Culture

Songs for tractors and toilets

Celebrating the golden age of corporate Broadway-style musicals

Steve Young never expected to become obsessed with industrial musicals, the sub-genre of original Broadway-style shows produced for corporate conventions. Originally, he just tracked down souvenir records of shows like toilet-maker American Standard’s The Bathrooms Are Coming or Ford’s Ford-i-fy Your Future as part of his day job as a writer for David Letterman, so his boss could make fun of them. Slowly, he says, he came to the realization that he was “still humming some of these songs to myself later on, about repairing Beetle engines or selling insurance. It seemed too good for what, at first, I thought to be just something to make fun of.” That ambiguous attitude is on display in the new book Everything’s Coming Up Profits: The Golden Age of Industrial Musicals, co-written by Young and Sport Murphy, who met Young when they were bidding against each other for industrial LPs on eBay.

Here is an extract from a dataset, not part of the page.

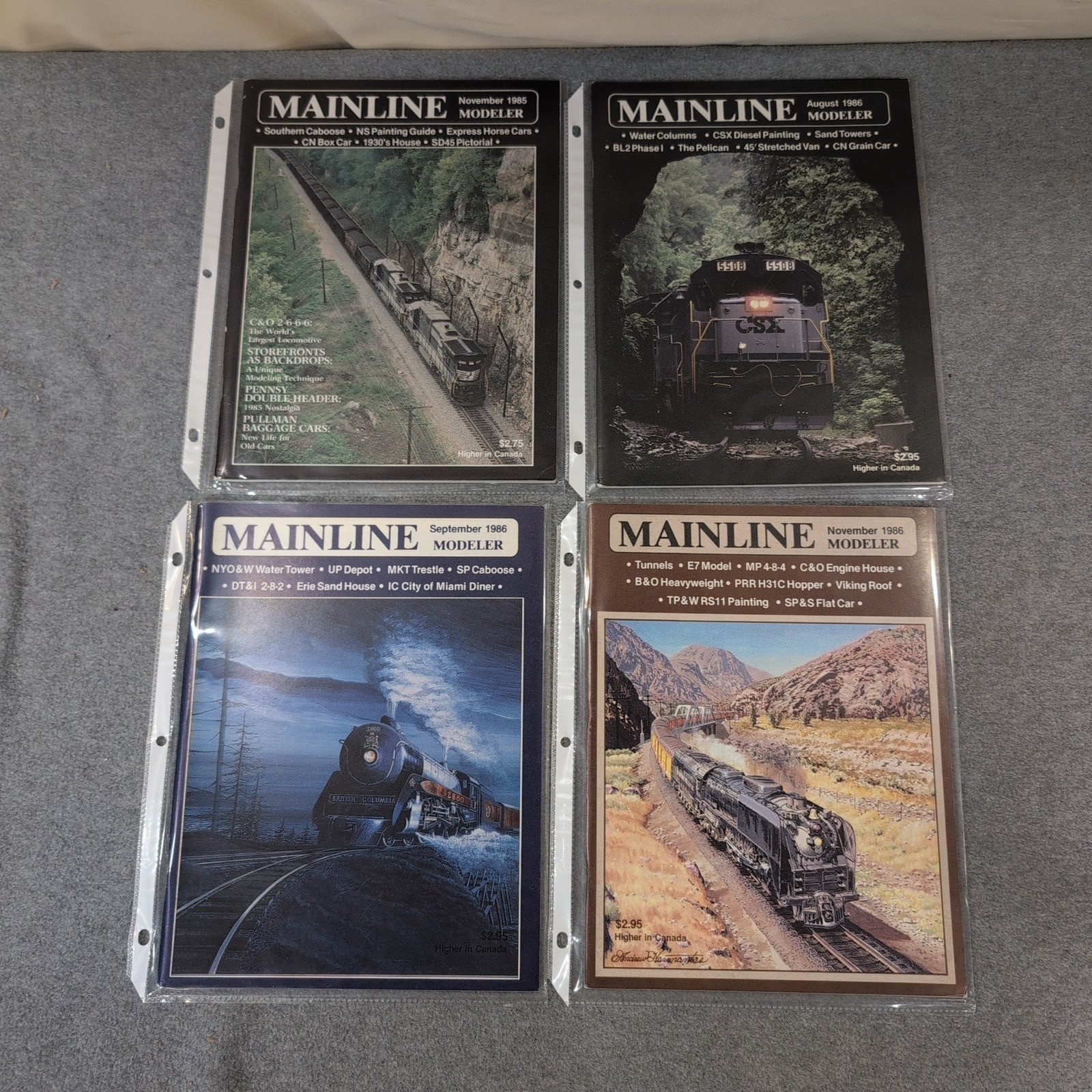 Vintage Mainline Modeler Magazine Lot 1985-1986 4 Issues Train Hobby Reference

A companion website offers some of the songs, like Golden Harvest, an ode to tractors written by the songwriters of Fiddler On the Roof: “Gonna be a golden harvest in 1959! With the new Ford tractors, the future’s lookin’ fine!” And throughout the book, the writers evaluate the quality of every musical they can find, whether it’s Florence Henderson urging car salesmen not to let a customer leave without buying something, or the bluesy lament of An Exxon Dealer’s Wife. “One of my favourites is Follow the Road, for a Dominion Road Machinery, Toronto, 1975 sales meeting,” Young says. “It’s a fantastic musical about road graders. Canada can be proud of that one.”

He’s not kidding about the sense of pride. Young and Murphy are fascinated by the writers of these musicals and how seriously they took their work. Some of them went on to Broadway, others never got their big break, but all of them tried to turn out professional-quality work for a small audience of employees, and the authors find that a little bit inspiring: “They had a real determination to produce top-shelf work,” Murphy says. “Not only the work impresses me, but so does their cynicism-free attitudes about their careers.” Young adds that it’s a tribute to the talent of these songwriters that they were able to write “almost pretty good” songs about corporate goals: “It’s easy to write a song about love; it’s hard to write a song about spark plugs.”

The musicals, and the albums they spun off, may also be valuable as a cultural snapshot of corporate history. The phenomenon started in the 1950s, when corporations were much more respected than they are now, and when they were more likely to do things like create musicals to boost the morale of their sales and marketing people. “There was a sense in the ’50s and ’60s of a simpler time; people trust big corporations, we’re all riding this wave of prosperity and boom times,” Young explains. As the years go on, he adds, “you start to see a certain cynicism set in,” and by the late 1970s, when industrial musicals started to fade away, “there’s a sense that the world is changing. You feel nobody trusts big authority anymore, whether it’s government or big corporations.”

Today, when big corporations are no more trusted than they were in the late ’70s, the industrial musical is almost gone—but not completely. Companies occasionally revive the format as a way of demonstrating that they’re rich enough to mount these lavish entertainments. Actor J. Austin Eyer recalls playing the lead role in a Wal-Mart show from 2006: “I played Dennis, the slacker stock boy, who goes through a journey with an older and wiser employee who teaches him the core values of Wal-Mart.”

But that show was created for Wal-Mart’s shareholders, not its workers. The idea of a corporation spending that kind of money to entertain its employees seems to belong to a bygone era, which is why Everything’s Coming Up Profits has such a sense of nostalgia for a happier, sunnier time in corporate America. The musicals, Murphy says, “sold the sales force on the company mission and the need for teamwork. It’s easy to be cynical about it all, as goofy as these things are, but that spirit might be a component in what made American business what it was then, and no longer is.”